Showing posts with label Carotid Artery Stenosis. Show all posts
Showing posts with label Carotid Artery Stenosis. Show all posts

Friday, January 16, 2015

Screening for Asymptomatic Carotid Artery Stenosis

Developer: US Preventive Services Task Force (USPSTF)

Release date: July 8, 2014

Prior version: December 18, 2007

Funding source: US Agency for Healthcare Research and Quality (AHRQ)

Target population: Asymptomatic adults in the general population


Major recommendation: Do not screen for asymptomatic carotid artery stenosis in the general adult population (Grade D recommendation)

Saturday, May 24, 2014

USPSTF Recommends Against Screening For Asymptomatic Carotid Artery Stenosis

Although stroke is a leading cause of death and disability in the United States, a relatively small proportion of all disabling strokes are due to Carotid Artery Stenosis (CAS).

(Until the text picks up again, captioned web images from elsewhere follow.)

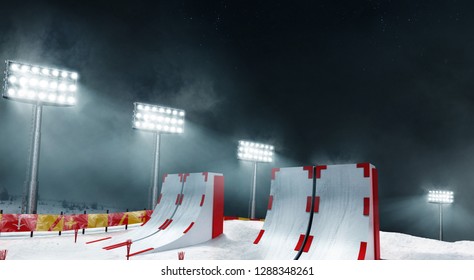 3-D springboard. Ski jump.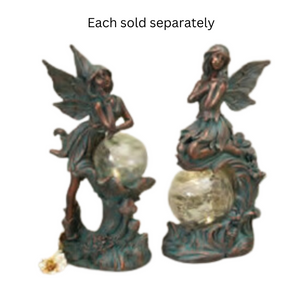 12" Solar Lighted Resin Fairy Garden Statue with Crackle Glass Sphere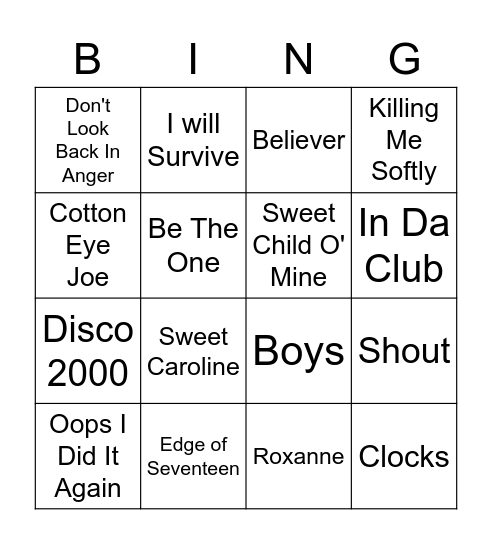 Music Bingo - 2nd July Bingo Card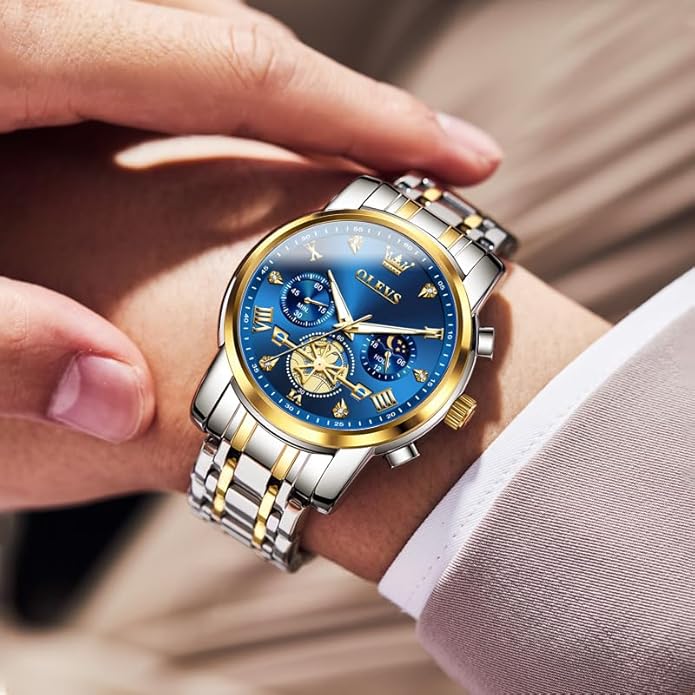 OLEVS Men Silver Watches,Men's Stainless Steel Chronograph Watch,Man Analog Quartz Big Face Male Watches Luxury Waterproof Roman Numeral Dress Diamond Relojes para Hombre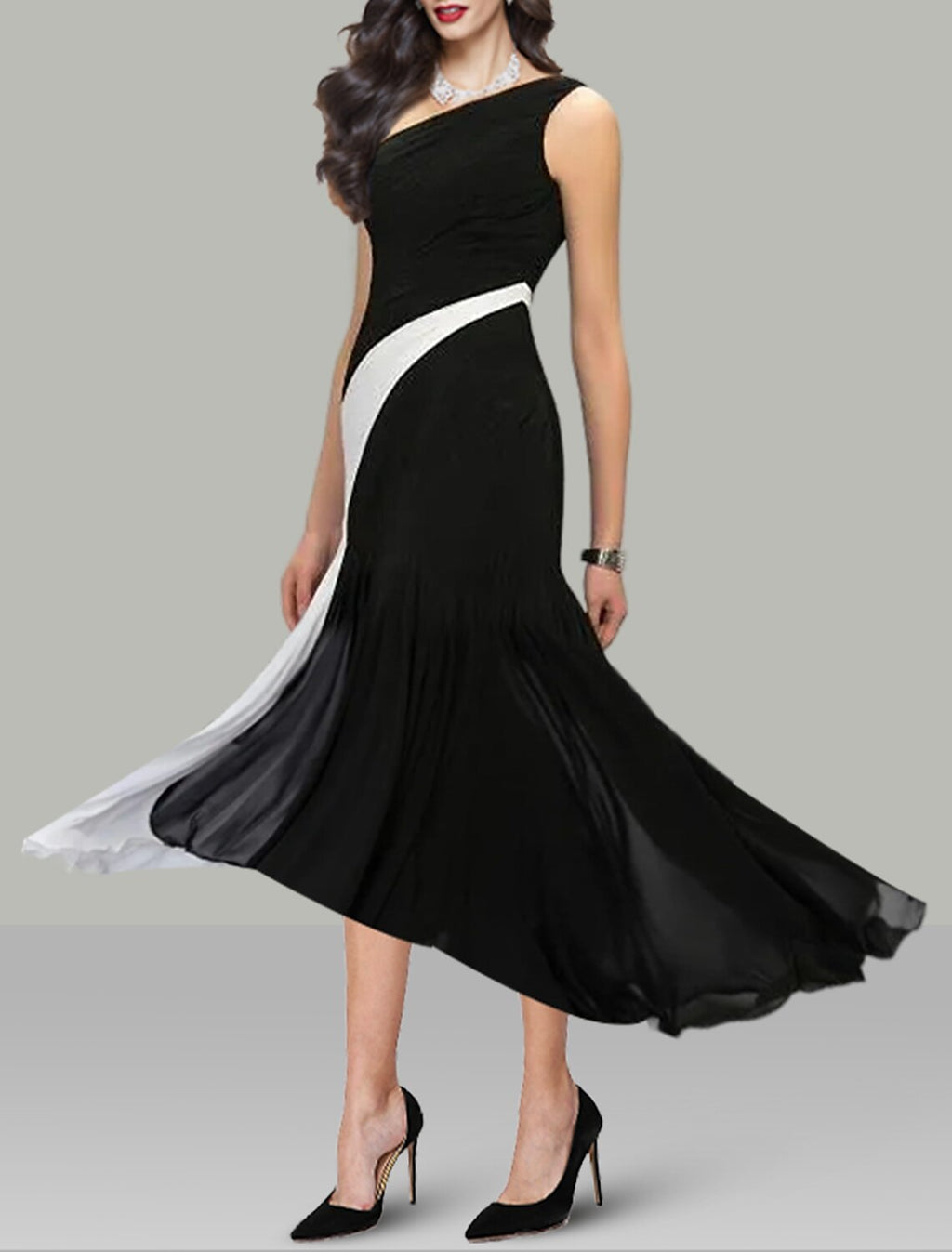 Black A-Line One-Shoulder Chiffon Sleeveless Tea-Length Wedding Dress - Chloe Dress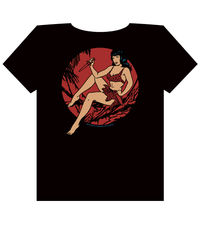 Cover image for Retro-A-Go-Go Bettie Page Jungle Night Men's T-Shirt (XL)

The most commonly used screening test for severe CAS (60% to 99% stenosis) is duplex ultrasonography.  The accuracy of carotid duplex ultrasonography, by using digital subtraction angiography as the reference standard, estimate the sensitivity to be 86% to 90% and the specificity to be 87% to 94% for detecting CAS greater than 70%. The estimated sensitivity and specificity of carotid duplex ultrasonography to detect CAS of 60% or more are approximately 94% and 92%, respectively.  In 1996, the USPSTF reviewed the evidence for screening for bruits on physical examination and found that the test had poor reliability and poor sensitivity.  Good evidence indicates that duplex ultrasonography has moderate sensitivity and specificity but yields many false-positive results. A positive result on duplex ultrasonography is often confirmed by digital subtraction angiography, which is more accurate but is associated with complications. Given these facts, some people with a false-positive test results may receive unnecessary carotid endarterectomy surgery.

The evidence analyzed by the U.S. Preventive Services Task Force (USPSTF) indicates that in selected, high-risk trial participants with asymptomatic severe CAS, carotid endarterectomy by select surgeons reduces the 5-year absolute incidence of all strokes or peri-operative death by approximately 5%. These benefits would be less among asymptomatic people in the general population. For the general primary care population, the benefits are judged to be no greater than small.

Therefore evidence indicates that both the testing strategy and the treatment with carotid endarterectomy can cause harms. A testing strategy that includes angiography will itself cause some strokes. A testing strategy that does not include angiography will cause some strokes by leading to carotid endarterectomy in people who do not have severe CAS. In excellent centers, carotid endarterectomy is associated with a 30-day stroke or mortality rate of about 3%; some areas have higher rates. These harms are judged to be no less than small.


The U.S. Preventive Services Task Force concludes that for individuals with asymptomatic CAS there is moderate certainty that the benefits of screening do not outweigh the harms and its draft document gives a “D” recommendation.